The line with "Beeld, Beeld, 60" and each line following it, up to the final line of the data, should be set down exactly; pictures stay out.
=== Section Start ===
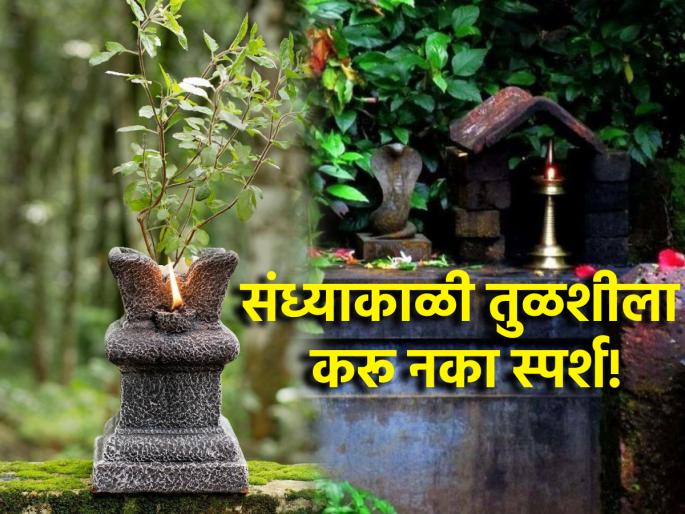 Rituals: In the evening a lamp should be lit near the Tulsi, but not touching the Tulsi; Read why! | Rituals: सायंकाळी तुळशी जवळ दिवा लावावा, पण तुळशीला स्पर्श करू नये; वाचा कारण! Rituals: In the evening a lamp should be lit near the Tulsi, but not touching the Tulsi; Read why! | Rituals: सायंकाळी तुळशी जवळ दिवा लावावा, पण तुळशीला स्पर्श करू नये; वाचा कारण!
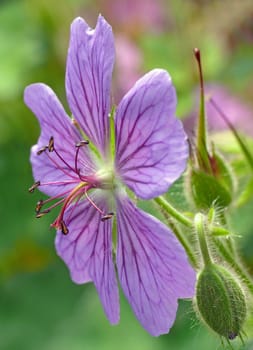 Geranium 'Terre Franche' (Geranium platypetalum x Geranium renadii): bud,flower,fruit ----- The scientific name "Geranium"" and also the German name ""Storchschnabel"" refers to the appearance of the long-stemmed fruit. In it"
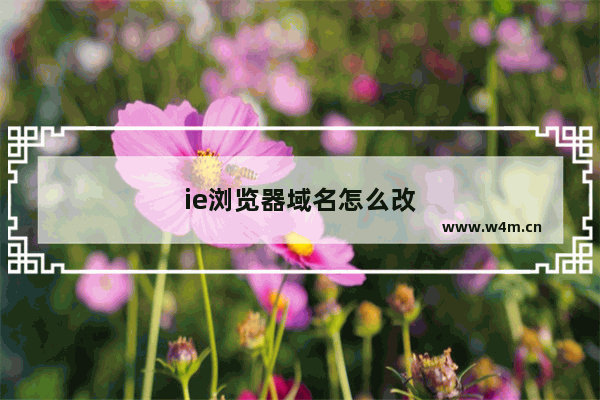 ie浏览器域名怎么改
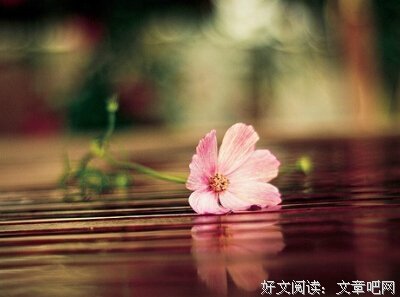 我使劲握紧的么气国留不住的美好。句子大全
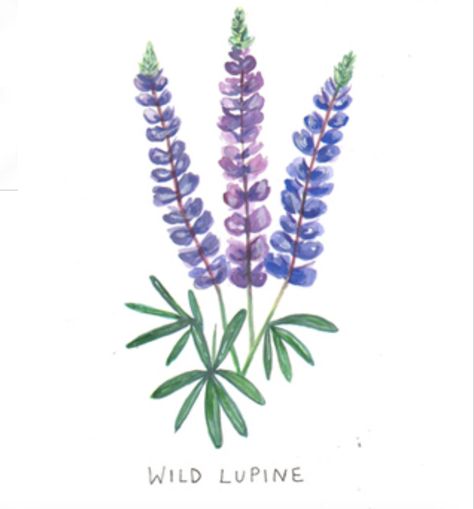 Lupin Tattoo Flowers, Lupine Drawing, Lupin Tattoo, Lupine Tattoo, England Tattoo, Lupine Flowers, Arm Tats, Tattoo Time, Flower Line Drawings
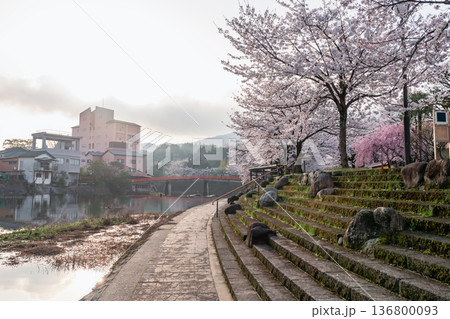 Ureshino Onsen Park with colorful cherry blossom in spring Ureshino Onsen Park with colorful cherry blossom in spring 136800093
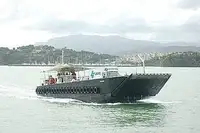 Kapal pendaratan, tangki kanggo didol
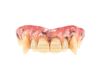 Lot #898 - THE WOLFMAN (2010) - Lawrence Talbot's (Benecio Del Toro) Teeth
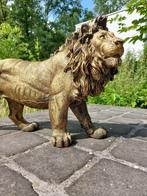 Beeld, Beeld, 60 cm long statue of golden bronze lion - 32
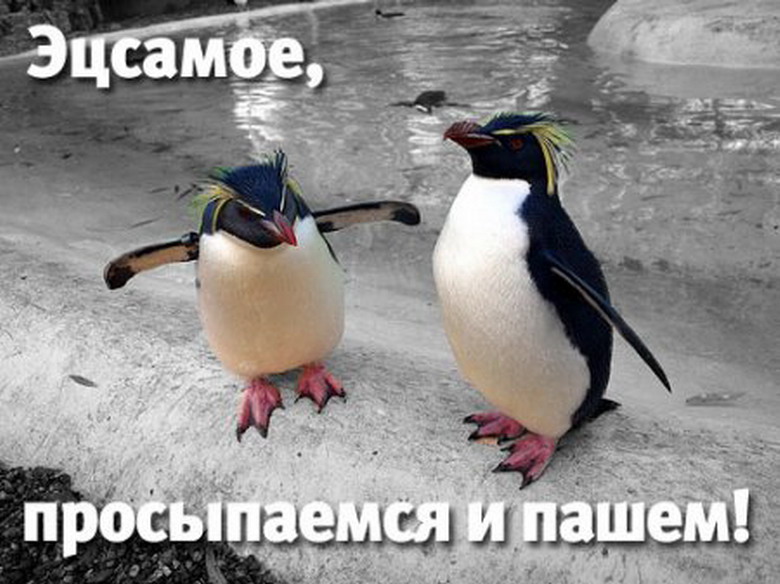 Это самое.. Просыпаемся и пашем!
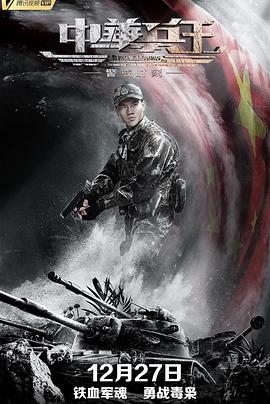 电影：中华兵王之警戒时刻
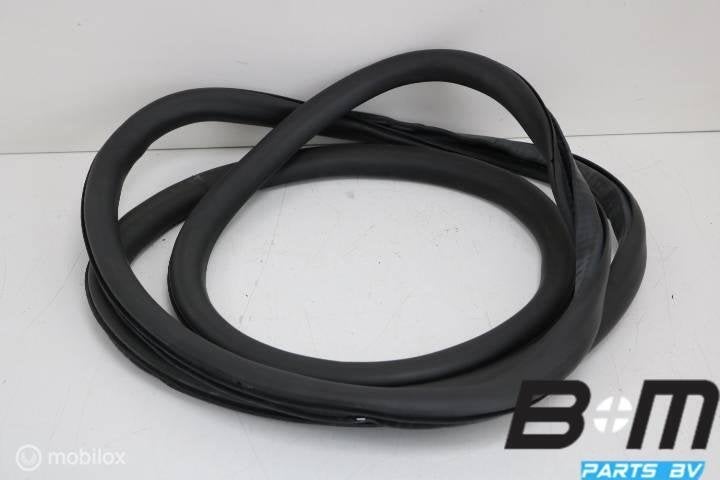 Portierrubber links / rechts voor Audi A4 8E B7 8E0831721B, Utilisé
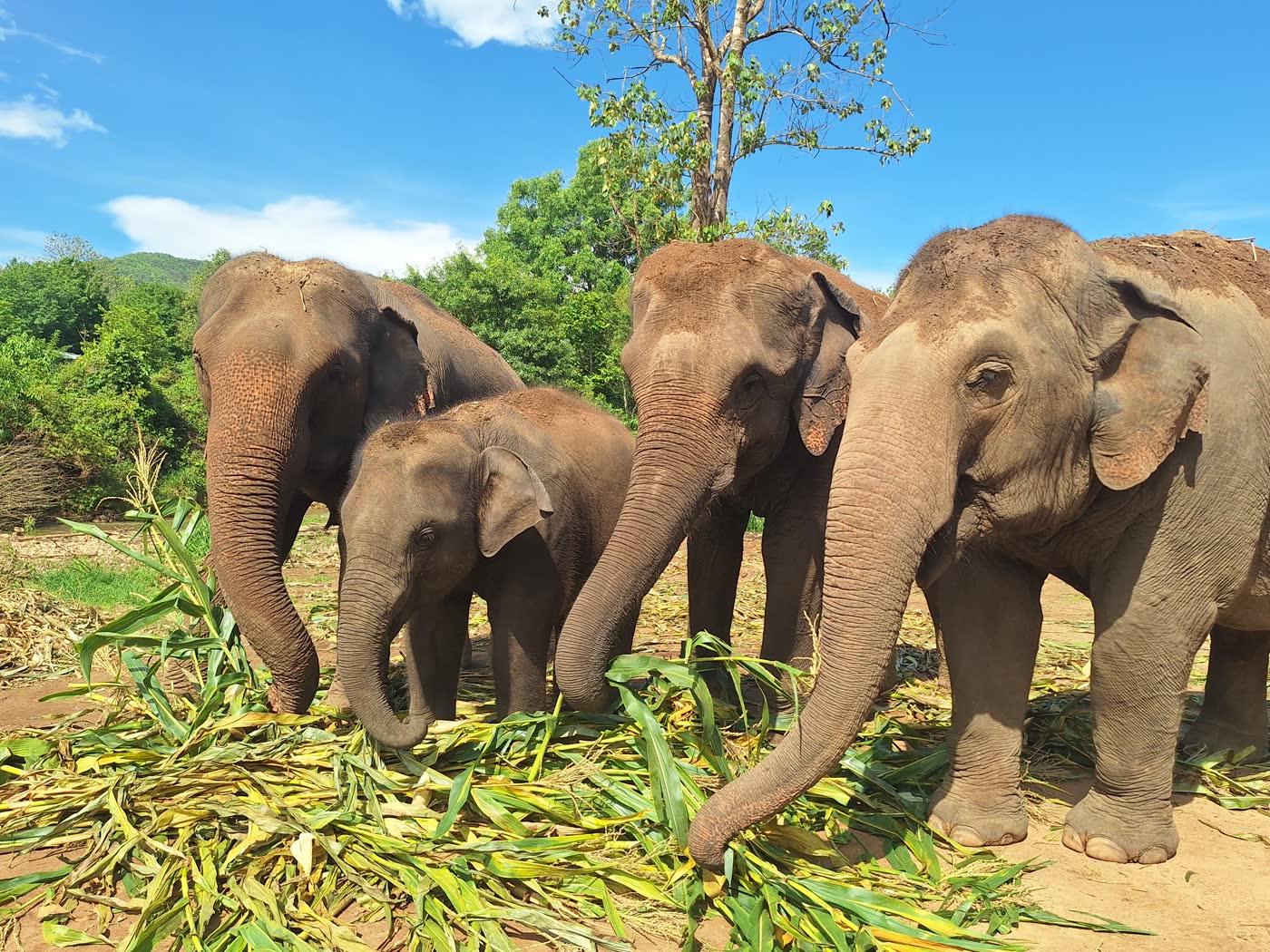 Thailand Elephant Sanctuary Packing List: What to Bring — selected sanctuary moment 3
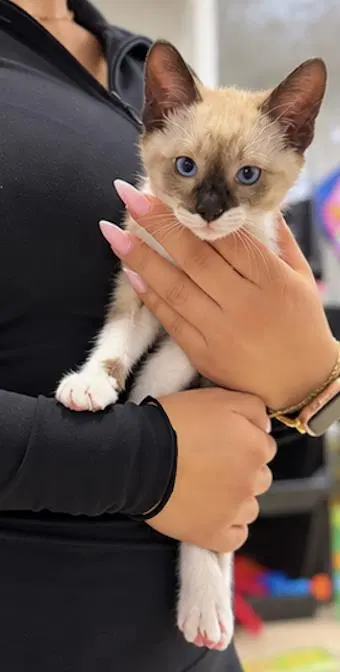 Oracle, a female Siamese kitten up for adoption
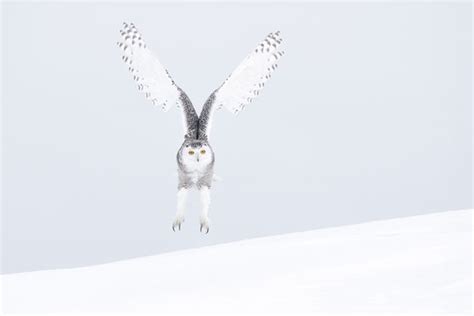 Vincent Munier Artist News And Exhibitions Photography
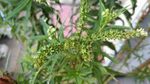 赶黄草花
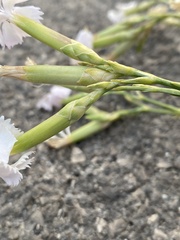 Dianthus japigicus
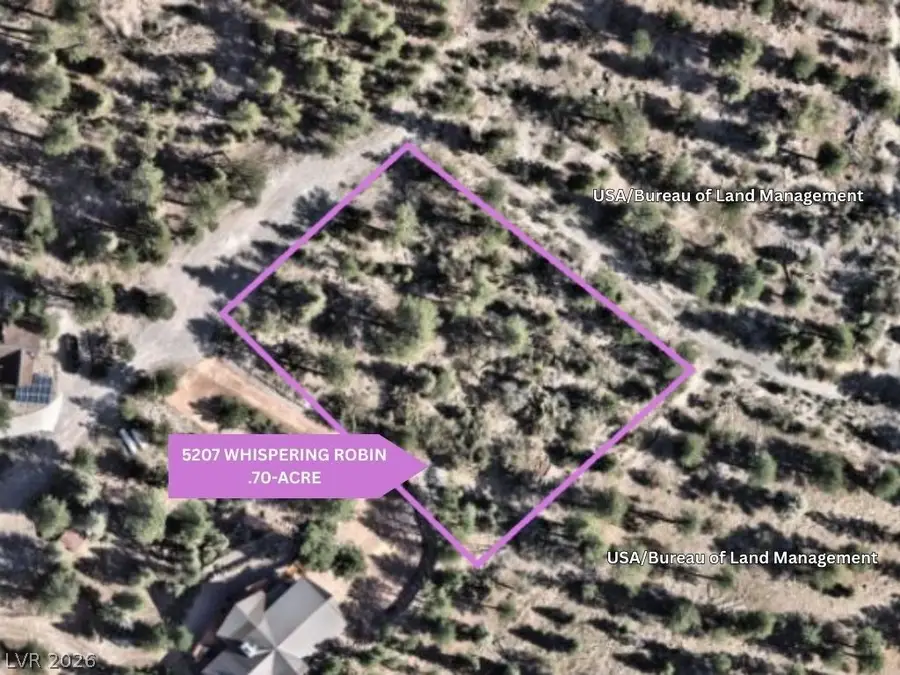 5207 Whispering Robin Lane, Mount Charleston, NV 89124 - #3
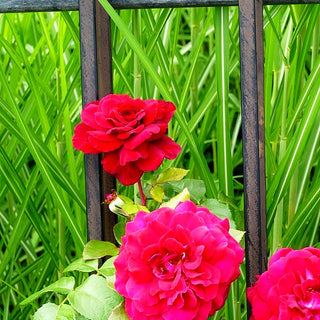 Edelrose 'Bellevue' (Rosa TH IV)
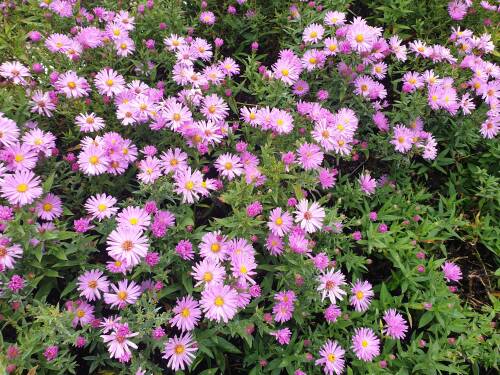 Bild von ASTDHB_Aster_x_dumosus__Herbstg_v_Bress____P0_5__P-1244035001_T-k_K-40_Y-20_23435_aktiv_.jpg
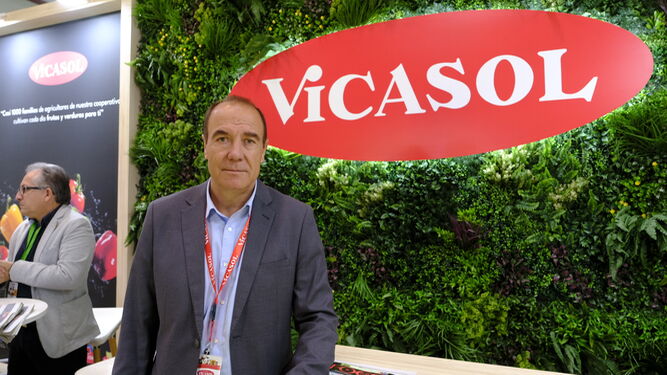 José Antonio Fernández, gerente de Vicasol.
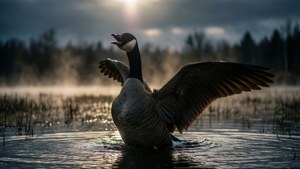 Honking at Dusk
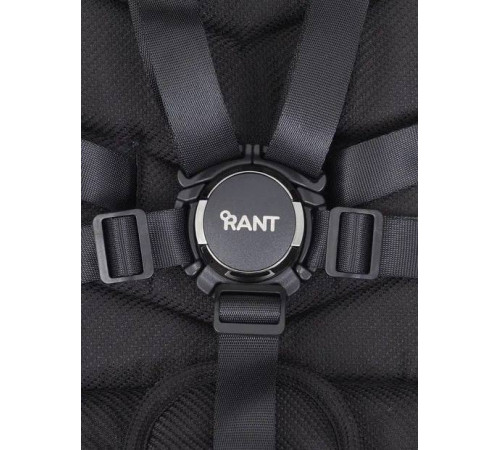 Коляска прогулочная Rant Flex Pro, Black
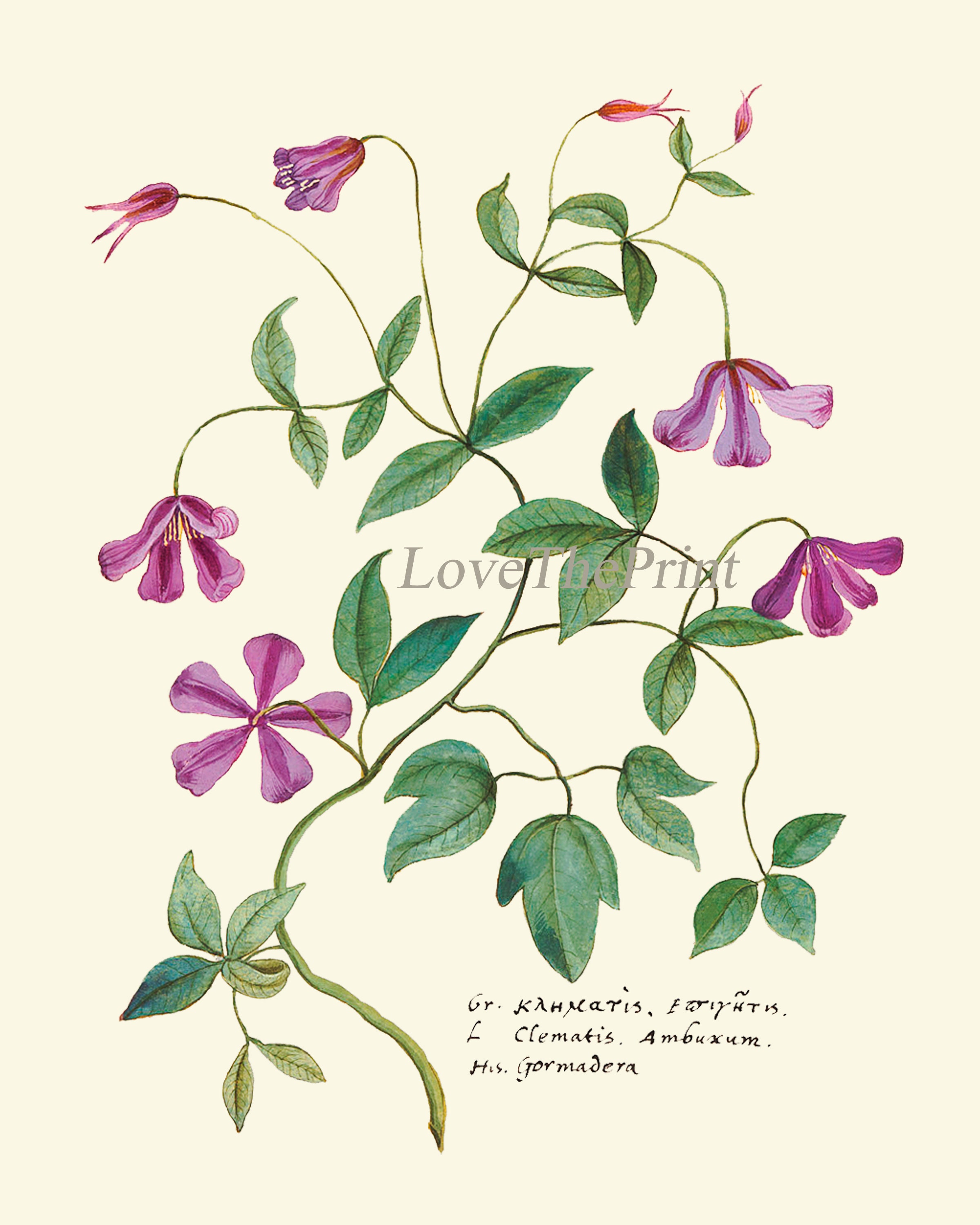 Botanical Wall Art Print ABD42 Beautiful Antique Clematis | Etsy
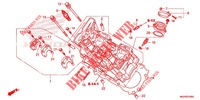 TESTATA (AVANT) per Honda CROSSTOURER 1200 DCT RED 2016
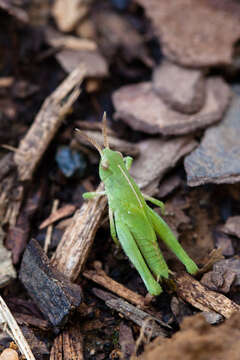 Image of Green-striped Grasshopper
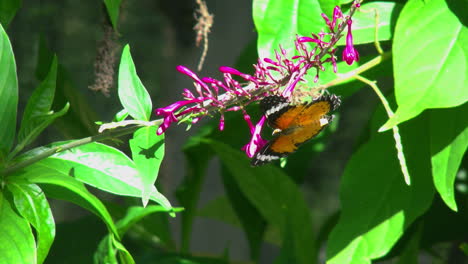Costa-Rica-Leopard-Florfliege-Schmetterling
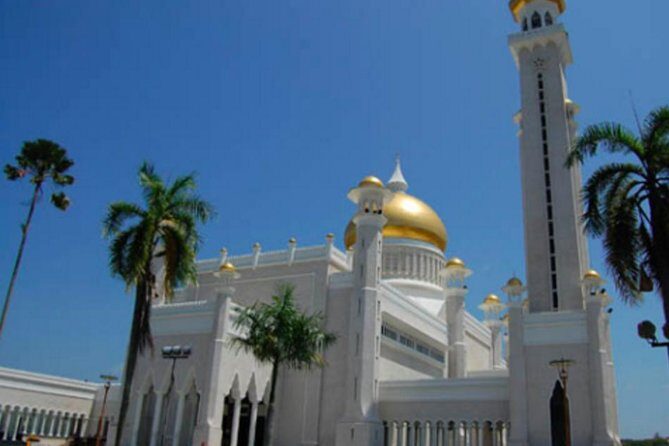 Full Brunei Experience - City Excursion - Water Village and Mangrove Safari - Who Is This Tour Best For?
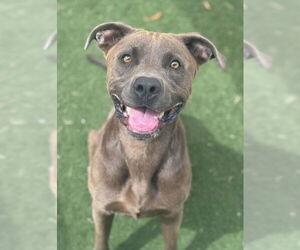 Staffordshire Bull Terrier-Weimaraner Mix Dogs for adoption in Texas City, TX, USA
=== Section End ===
**Answer to the problem**.
 Beeld, Beeld, 60 cm long statue of golden bronze lion - 32
 Это самое.. Просыпаемся и пашем!
 电影：中华兵王之警戒时刻
 Portierrubber links / rechts voor Audi A4 8E B7 8E0831721B, Utilisé
 Thailand Elephant Sanctuary Packing List: What to Bring — selected sanctuary moment 3
 Oracle, a female Siamese kitten up for adoption
 Vincent Munier Artist News And Exhibitions Photography
 赶黄草花
 Dianthus japigicus
 5207 Whispering Robin Lane, Mount Charleston, NV 89124 - #3
 Edelrose 'Bellevue' (Rosa TH IV)
 Bild von ASTDHB_Aster_x_dumosus__Herbstg_v_Bress____P0_5__P-1244035001_T-k_K-40_Y-20_23435_aktiv_.jpg
 José Antonio Fernández, gerente de Vicasol.
 Honking at Dusk
 Коляска прогулочная Rant Flex Pro, Black
 Botanical Wall Art Print ABD42 Beautiful Antique Clematis | Etsy
 TESTATA (AVANT) per Honda CROSSTOURER 1200 DCT RED 2016
 Image of Green-striped Grasshopper
Costa-Rica-Leopard-Florfliege-Schmetterling
 Full Brunei Experience - City Excursion - Water Village and Mangrove Safari - Who Is This Tour Best For?
 Staffordshire Bull Terrier-Weimaraner Mix Dogs for adoption in Texas City, TX, USA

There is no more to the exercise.